The main difficulty of lexical approach is the formation of dictionaries. Researchers [10] distinguish the following techniques for a set of dictionaries: (i) manual collection of dictionaries, (ii) using a textual body, (iii) using templates of dictionaries or ready-made dictionaries, with this approach, a set of words by hand, supplement it by searching for new words in the dictionaries of WordNet or RussNet, or to take already ready dictionaries, for example, synonyms and antonyms. For the collection of dictionaries, the authors used manual collection to form a dictionary of basic words, ready dictionaries from the vocabulary of sentiment RuSentiLex by N.V. Lukashevich and A.V. Levchik [21].

The dictionary of basic elements has formed a set of basic elements of generalization K={kt, k2, ..., kj, where l is the dictionary size. Categories of basic elements were formed on the basis of the work of researchers Dankova [5], Smith [9], Orlova [8], Frolova [4]. The set of basic elements of K includes the following categories of words for the generalization evaluation:

• non-specific verbs that allow you to talk about some process indefinitely, to draw some conclusion, not showing how you came to it. For example, "by doing so, you will understand that this is correct";

• non-specific nouns: "people", "citizens", "many". those nouns that try to generalize a single phenomenon to the general;

• non-specific pronouns: "all" "we" "they", "this", "those." For example, "everyone understands that schools do not teach" or "this is what we call" confidence in the future;

• universal generalists are words that do not allow exceptions: "all" "every", "never" "always";

• lexical units with the value of regularity/irregularity, such as "usually", "rarely", "infrequently", "spontaneous", "never";

• quantitative indicators, such as "every tenth", "mass" "grown up" lexical units with semantics of universality. Examples: "known", "indicative";

• the stylistic devices containing metaphors with a generalizing meaning. Examples: "the so-called quality of life," "poke your nose."

The authors put forward the hypothesis that the author's own opinion in the form of words, phrases or introductory speech or a confirmed event, phenomenon, incident (fact) weakens generalization. Fact in our research means concrete event or words from RuSentiLex, which marked as fact.
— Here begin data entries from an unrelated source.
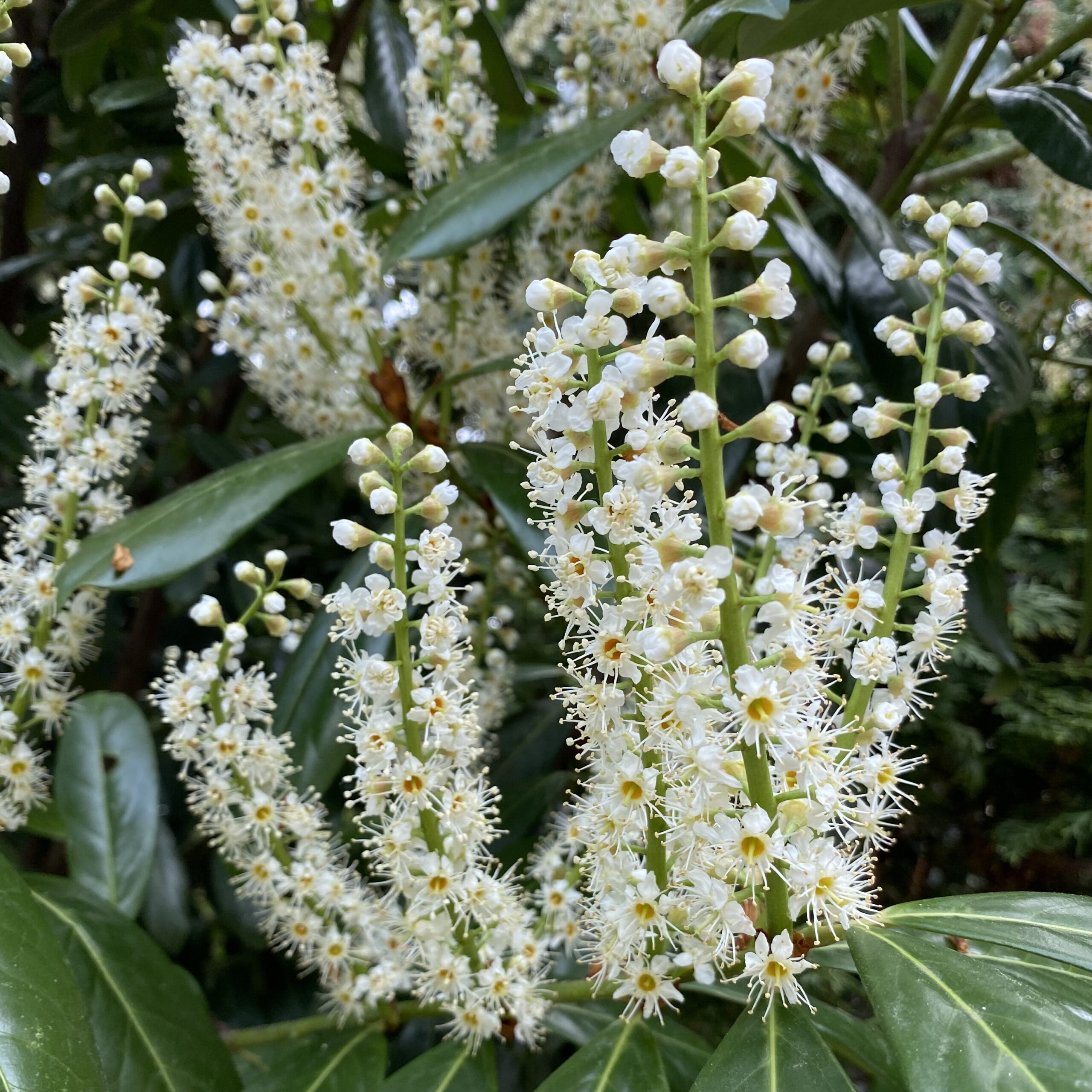 PrunusLaurocerasus virágzó1 Hungaroplant.hu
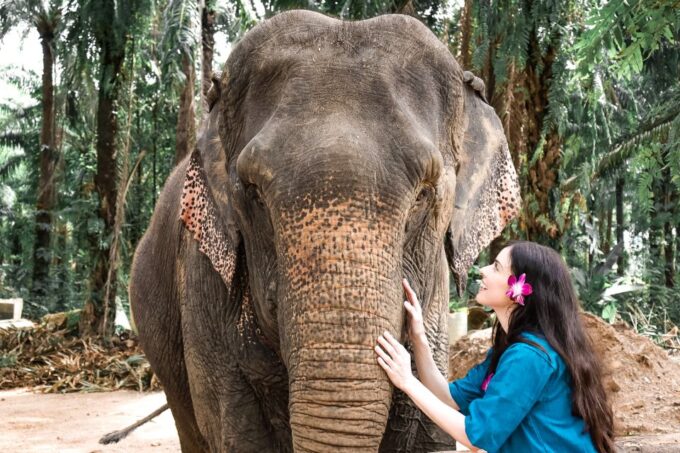 Krabi: Elephant Feeding Program - What to Expect During the Feeding Program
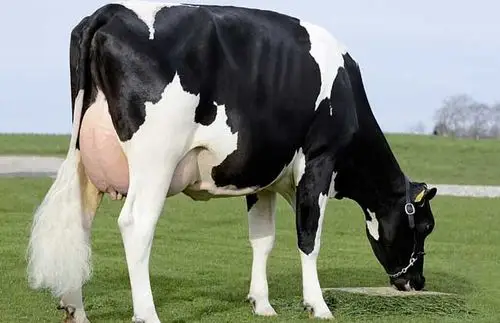 奶牛品种图片大全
For example, in the following sentences:

(1) "All as one: adults and children, observed a strict discipline, called for strengthening the unity of the group". -

«Все как один: взрослые и дети, соблюдали жесткую дисциплину, призывали укреплять единство групп»

In the first sentence, the phrase "discipline" from the dictionary RuSentiLex, marked in as fact, weakens the generalization of the basic words " adults and children". The opinion words "strict", expressing the author's opinion, also weaken the proposal's generalization "all as one”. We call such elements, weakening generalization, modifier elements. Dictionaries of modifier elements were formed on the basis of ready-made dictionaries of sentiment.

(2) "Overall level of unprofessionalism and just amateurism is growing in all spheres of life". -

«Растет общий уровень непрофессионализма и просто дилетантства во всех сферах жизни»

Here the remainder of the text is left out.